• PROBLEM REQUIREMENTS: Which lines in the listing below contain "Saree"? Copy each of them.

>>>>>

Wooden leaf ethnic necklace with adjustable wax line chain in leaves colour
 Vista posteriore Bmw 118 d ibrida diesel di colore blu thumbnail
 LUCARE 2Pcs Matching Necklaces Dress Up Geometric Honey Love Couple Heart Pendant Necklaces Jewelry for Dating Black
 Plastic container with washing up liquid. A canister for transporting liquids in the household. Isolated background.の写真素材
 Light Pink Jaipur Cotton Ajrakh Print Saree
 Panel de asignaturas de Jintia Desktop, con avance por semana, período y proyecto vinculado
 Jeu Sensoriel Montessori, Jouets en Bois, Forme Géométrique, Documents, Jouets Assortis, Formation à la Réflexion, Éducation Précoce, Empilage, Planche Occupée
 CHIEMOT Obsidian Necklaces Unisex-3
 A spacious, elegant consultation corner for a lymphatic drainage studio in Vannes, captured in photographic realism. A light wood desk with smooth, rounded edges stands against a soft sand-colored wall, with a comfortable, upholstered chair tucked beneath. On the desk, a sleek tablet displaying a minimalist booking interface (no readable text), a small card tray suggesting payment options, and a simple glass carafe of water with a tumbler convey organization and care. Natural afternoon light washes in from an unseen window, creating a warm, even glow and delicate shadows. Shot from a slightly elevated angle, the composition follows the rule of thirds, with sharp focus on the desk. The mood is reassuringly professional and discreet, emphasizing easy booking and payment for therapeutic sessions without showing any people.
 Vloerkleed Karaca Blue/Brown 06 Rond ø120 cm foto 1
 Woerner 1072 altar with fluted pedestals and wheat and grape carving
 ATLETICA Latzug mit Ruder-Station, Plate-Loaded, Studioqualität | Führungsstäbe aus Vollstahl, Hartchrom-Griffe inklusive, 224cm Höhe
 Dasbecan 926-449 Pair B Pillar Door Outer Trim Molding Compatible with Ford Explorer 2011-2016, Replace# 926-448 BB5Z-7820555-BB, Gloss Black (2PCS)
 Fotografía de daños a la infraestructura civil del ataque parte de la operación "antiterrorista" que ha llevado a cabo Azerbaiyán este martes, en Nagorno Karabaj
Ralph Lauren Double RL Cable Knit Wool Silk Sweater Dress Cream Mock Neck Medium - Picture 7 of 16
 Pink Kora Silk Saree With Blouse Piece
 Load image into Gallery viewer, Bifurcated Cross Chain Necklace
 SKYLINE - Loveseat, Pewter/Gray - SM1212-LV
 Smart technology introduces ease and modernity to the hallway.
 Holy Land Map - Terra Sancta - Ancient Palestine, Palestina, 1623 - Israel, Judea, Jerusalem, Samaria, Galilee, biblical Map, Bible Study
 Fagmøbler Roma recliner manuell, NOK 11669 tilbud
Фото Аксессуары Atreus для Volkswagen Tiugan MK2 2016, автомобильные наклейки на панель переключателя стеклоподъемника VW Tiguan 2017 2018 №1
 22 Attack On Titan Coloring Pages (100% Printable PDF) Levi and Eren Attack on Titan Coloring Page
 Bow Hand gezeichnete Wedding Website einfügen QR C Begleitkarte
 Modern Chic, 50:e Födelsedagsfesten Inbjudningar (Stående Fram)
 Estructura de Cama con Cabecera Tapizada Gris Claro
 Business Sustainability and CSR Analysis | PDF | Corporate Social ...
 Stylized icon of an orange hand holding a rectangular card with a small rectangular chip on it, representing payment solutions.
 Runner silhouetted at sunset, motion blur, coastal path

<<<<<

• TASK RESULT:
 Light Pink Jaipur Cotton Ajrakh Print Saree
 Pink Kora Silk Saree With Blouse Piece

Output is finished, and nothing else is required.